# My Best Buck Kid



## Tenacross (May 26, 2011)

His name is "Packin' Heat" and he's about 7 weeks.


----------



## canyontrailgoats (Jan 4, 2014)

He's a stocky one, very nice


----------



## MsScamp (Feb 1, 2010)

Wow! Just wow!


----------



## Tenacross (May 26, 2011)

canyontrailgoats said:


> He's a stocky one, very nice


He is. I can't fit my hand around his back. And I have a pretty big hand.


----------



## MoKa-Farms (Jun 19, 2013)

Mmmh! He is gorgeous!


----------



## nancy d (Oct 5, 2007)

Hubba hubba!


----------



## nancy d (Oct 5, 2007)

Do tell us more about him!


----------



## Used2bmimi (Oct 3, 2012)

Really nice!


----------



## toth boer goats (Jul 20, 2008)

Very nice


----------



## Tenacross (May 26, 2011)

nancy d said:


> Do tell us more about him!


He's an AI kid out of a doe I bought from Leslie.

HRDR 401K PACKIN' HEAT (10652263)

Sire: AABG SMOKIN GUNZ **ENNOBLED** 4/2014 (10571240)
Dam: LEANING TREE GF. CHARISH Z59 (10549298)


----------



## nancy d (Oct 5, 2007)

Oh if he were only a few months older, methinks it's getting time for another buck. Darlin has done a great job here but I have too many of his does/doelings, two from this year will stay at least for now.
Tim, are you going to use Packin Heat? He is VERY nice!


----------



## canyontrailgoats (Jan 4, 2014)

nancy d said:


> Oh if he were only a few months older, methinks it's getting time for another buck. Darlin has done a great job here but I have too many of his does/doelings, two from this year will stay at least for now.
> Tim, are you going to use Packin Heat? He is VERY nice!

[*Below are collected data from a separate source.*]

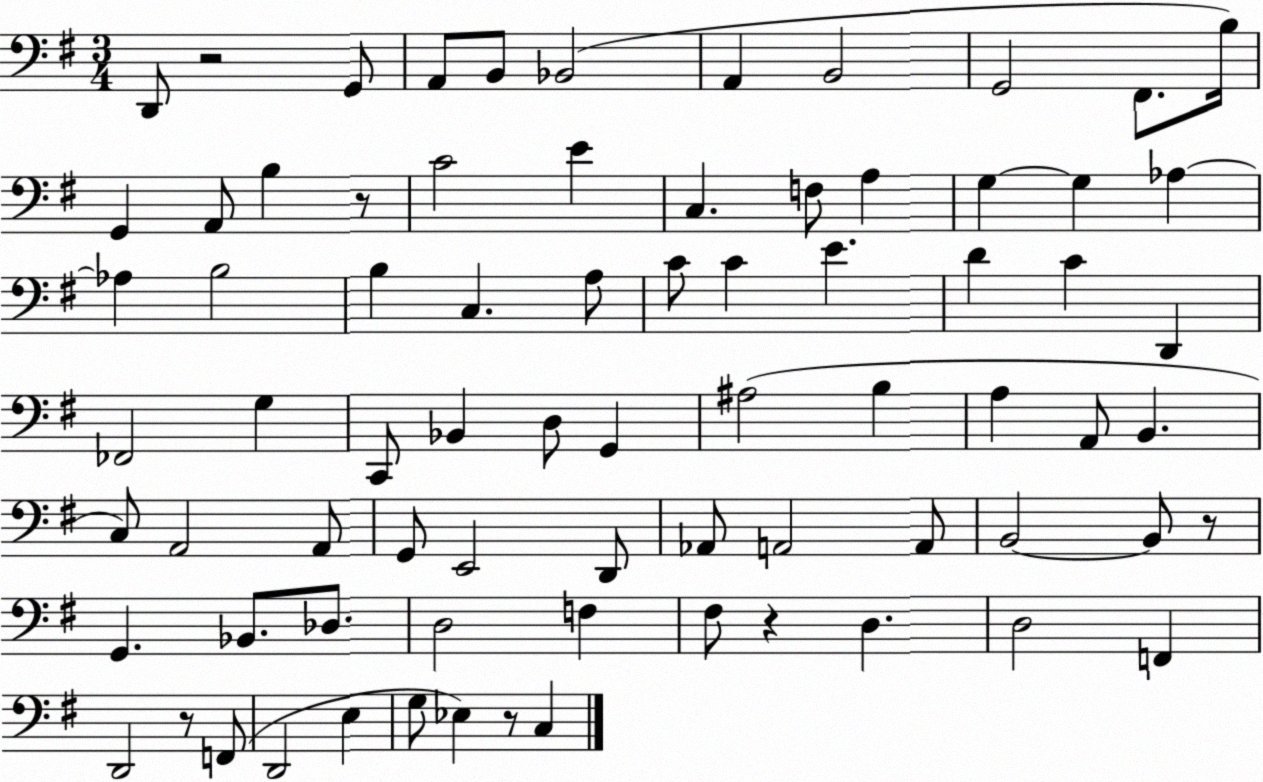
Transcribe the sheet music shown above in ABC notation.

X:1
T:Untitled
M:3/4
L:1/4
K:G
D,,/2 z2 G,,/2 A,,/2 B,,/2 _B,,2 A,, B,,2 G,,2 ^F,,/2 B,/4 G,, A,,/2 B, z/2 C2 E C, F,/2 A, G, G, _A, _A, B,2 B, C, A,/2 C/2 C E D C D,, _F,,2 G, C,,/2 _B,, D,/2 G,, ^A,2 B, A, A,,/2 B,, C,/2 A,,2 A,,/2 G,,/2 E,,2 D,,/2 _A,,/2 A,,2 A,,/2 B,,2 B,,/2 z/2 G,, _B,,/2 _D,/2 D,2 F, ^F,/2 z D, D,2 F,, D,,2 z/2 F,,/2 D,,2 E, G,/2 _E, z/2 C,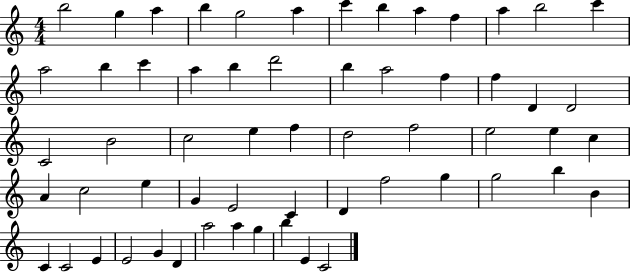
B5/h G5/q A5/q B5/q G5/h A5/q C6/q B5/q A5/q F5/q A5/q B5/h C6/q A5/h B5/q C6/q A5/q B5/q D6/h B5/q A5/h F5/q F5/q D4/q D4/h C4/h B4/h C5/h E5/q F5/q D5/h F5/h E5/h E5/q C5/q A4/q C5/h E5/q G4/q E4/h C4/q D4/q F5/h G5/q G5/h B5/q B4/q C4/q C4/h E4/q E4/h G4/q D4/q A5/h A5/q G5/q B5/q E4/q C4/h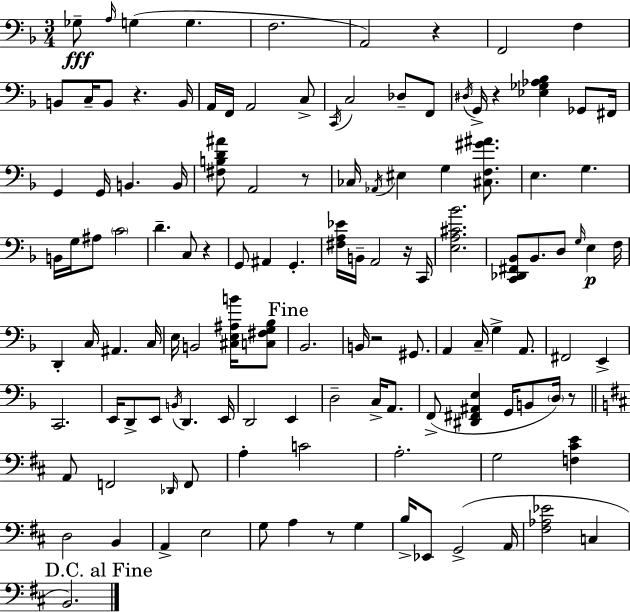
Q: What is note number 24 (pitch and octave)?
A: F#2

I think you're in love, nancyd


----------



## nancy d (Oct 5, 2007)

canyontrailgoats said:


> I think you're in love, nancyd


 :shocked: Who, me? Noo.

As beautiful as some of them are, I can pass on does. But certain bucks just catch my eye. And get under my skin. We shall see. Packin Heat is staring to bug me. I don't want to send does out to be bred but I will if I have to. 
I haven't bought any does since the foundation girls from Leslie.


----------



## Tenacross (May 26, 2011)

nancy d said:


> Oh if he were only a few months older, methinks it's getting time for another buck. Darlin has done a great job here but I have too many of his does/doelings, two from this year will stay at least for now.
> Tim, are you going to use Packin Heat? He is VERY nice!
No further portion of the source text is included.